-- Instructions for the task --
Nothing is needed except the lines below that run from the one with "BASA1 Plastic Stopper (77)" through the one with "House for rent in Leabank, Manurewa", repeated exactly.

-- Material provided --
#####
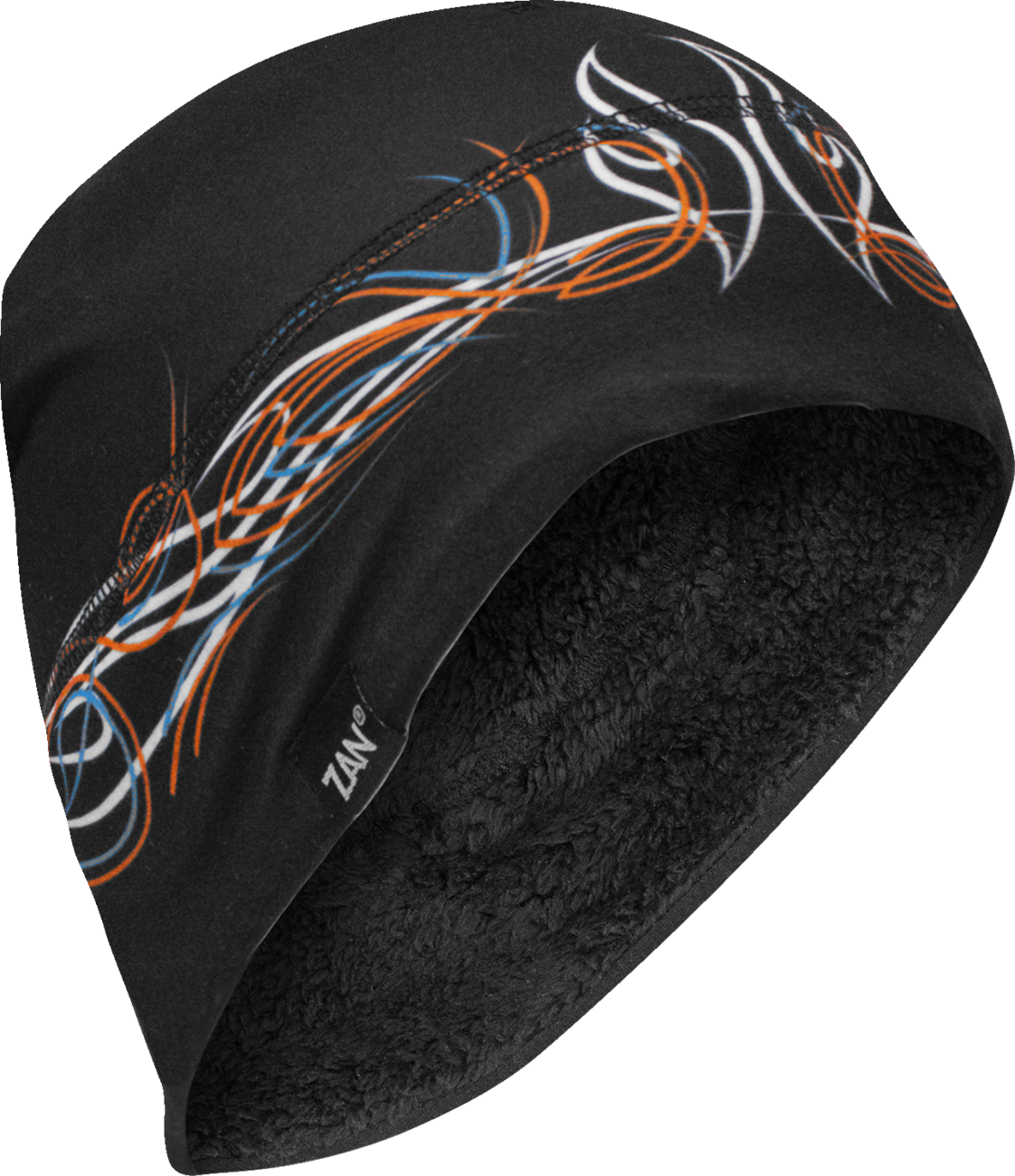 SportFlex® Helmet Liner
#####
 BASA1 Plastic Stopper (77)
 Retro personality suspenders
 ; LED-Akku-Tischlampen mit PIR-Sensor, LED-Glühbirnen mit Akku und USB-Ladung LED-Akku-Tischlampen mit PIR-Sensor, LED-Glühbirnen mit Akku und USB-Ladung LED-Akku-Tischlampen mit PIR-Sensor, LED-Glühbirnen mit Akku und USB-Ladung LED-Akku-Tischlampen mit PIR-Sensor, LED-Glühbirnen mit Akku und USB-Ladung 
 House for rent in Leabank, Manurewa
#####
-- Task result --
 BASA1 Plastic Stopper (77)
 Retro personality suspenders
 ; LED-Akku-Tischlampen mit PIR-Sensor, LED-Glühbirnen mit Akku und USB-Ladung LED-Akku-Tischlampen mit PIR-Sensor, LED-Glühbirnen mit Akku und USB-Ladung LED-Akku-Tischlampen mit PIR-Sensor, LED-Glühbirnen mit Akku und USB-Ladung LED-Akku-Tischlampen mit PIR-Sensor, LED-Glühbirnen mit Akku und USB-Ladung 
 House for rent in Leabank, Manurewa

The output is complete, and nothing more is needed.